The problem => Every record must be restated exactly as written.

Caption-style text data:

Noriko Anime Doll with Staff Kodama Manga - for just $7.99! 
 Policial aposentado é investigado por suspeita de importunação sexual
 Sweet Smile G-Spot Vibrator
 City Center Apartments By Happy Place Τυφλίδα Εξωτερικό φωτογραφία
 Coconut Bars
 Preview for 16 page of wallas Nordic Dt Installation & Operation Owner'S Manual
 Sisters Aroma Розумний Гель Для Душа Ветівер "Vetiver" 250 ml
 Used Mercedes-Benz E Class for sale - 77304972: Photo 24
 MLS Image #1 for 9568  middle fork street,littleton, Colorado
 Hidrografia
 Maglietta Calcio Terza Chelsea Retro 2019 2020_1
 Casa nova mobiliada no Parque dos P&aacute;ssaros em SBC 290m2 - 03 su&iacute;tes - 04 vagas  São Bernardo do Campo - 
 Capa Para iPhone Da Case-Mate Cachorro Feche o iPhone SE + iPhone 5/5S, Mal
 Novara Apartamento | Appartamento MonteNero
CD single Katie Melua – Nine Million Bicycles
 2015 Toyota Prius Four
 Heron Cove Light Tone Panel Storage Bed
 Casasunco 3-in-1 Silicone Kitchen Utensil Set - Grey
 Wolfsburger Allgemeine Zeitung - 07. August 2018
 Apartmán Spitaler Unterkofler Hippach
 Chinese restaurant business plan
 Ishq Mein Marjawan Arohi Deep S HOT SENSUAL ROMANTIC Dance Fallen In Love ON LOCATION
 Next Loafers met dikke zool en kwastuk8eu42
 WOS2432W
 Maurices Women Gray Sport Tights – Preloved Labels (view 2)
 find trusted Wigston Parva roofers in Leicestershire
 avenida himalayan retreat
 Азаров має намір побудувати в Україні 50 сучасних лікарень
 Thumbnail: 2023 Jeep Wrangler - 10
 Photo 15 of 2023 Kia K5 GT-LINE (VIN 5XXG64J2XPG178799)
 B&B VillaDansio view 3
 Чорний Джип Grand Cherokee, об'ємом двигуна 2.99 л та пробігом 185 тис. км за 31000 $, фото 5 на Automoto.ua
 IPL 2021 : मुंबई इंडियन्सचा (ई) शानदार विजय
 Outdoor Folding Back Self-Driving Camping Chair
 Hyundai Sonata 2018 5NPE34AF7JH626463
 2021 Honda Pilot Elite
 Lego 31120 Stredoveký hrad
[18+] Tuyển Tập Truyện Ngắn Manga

Result below =>
Noriko Anime Doll with Staff Kodama Manga - for just $7.99! 
 Policial aposentado é investigado por suspeita de importunação sexual
 Sweet Smile G-Spot Vibrator
 City Center Apartments By Happy Place Τυφλίδα Εξωτερικό φωτογραφία
 Coconut Bars
 Preview for 16 page of wallas Nordic Dt Installation & Operation Owner'S Manual
 Sisters Aroma Розумний Гель Для Душа Ветівер "Vetiver" 250 ml
 Used Mercedes-Benz E Class for sale - 77304972: Photo 24
 MLS Image #1 for 9568  middle fork street,littleton, Colorado
 Hidrografia
 Maglietta Calcio Terza Chelsea Retro 2019 2020_1
 Casa nova mobiliada no Parque dos P&aacute;ssaros em SBC 290m2 - 03 su&iacute;tes - 04 vagas  São Bernardo do Campo - 
 Capa Para iPhone Da Case-Mate Cachorro Feche o iPhone SE + iPhone 5/5S, Mal
 Novara Apartamento | Appartamento MonteNero
CD single Katie Melua – Nine Million Bicycles
 2015 Toyota Prius Four
 Heron Cove Light Tone Panel Storage Bed
 Casasunco 3-in-1 Silicone Kitchen Utensil Set - Grey
 Wolfsburger Allgemeine Zeitung - 07. August 2018
 Apartmán Spitaler Unterkofler Hippach
 Chinese restaurant business plan
 Ishq Mein Marjawan Arohi Deep S HOT SENSUAL ROMANTIC Dance Fallen In Love ON LOCATION
 Next Loafers met dikke zool en kwastuk8eu42
 WOS2432W
 Maurices Women Gray Sport Tights – Preloved Labels (view 2)
 find trusted Wigston Parva roofers in Leicestershire
 avenida himalayan retreat
 Азаров має намір побудувати в Україні 50 сучасних лікарень
 Thumbnail: 2023 Jeep Wrangler - 10
 Photo 15 of 2023 Kia K5 GT-LINE (VIN 5XXG64J2XPG178799)
 B&B VillaDansio view 3
 Чорний Джип Grand Cherokee, об'ємом двигуна 2.99 л та пробігом 185 тис. км за 31000 $, фото 5 на Automoto.ua
 IPL 2021 : मुंबई इंडियन्सचा (ई) शानदार विजय
 Outdoor Folding Back Self-Driving Camping Chair
 Hyundai Sonata 2018 5NPE34AF7JH626463
 2021 Honda Pilot Elite
 Lego 31120 Stredoveký hrad
[18+] Tuyển Tập Truyện Ngắn Manga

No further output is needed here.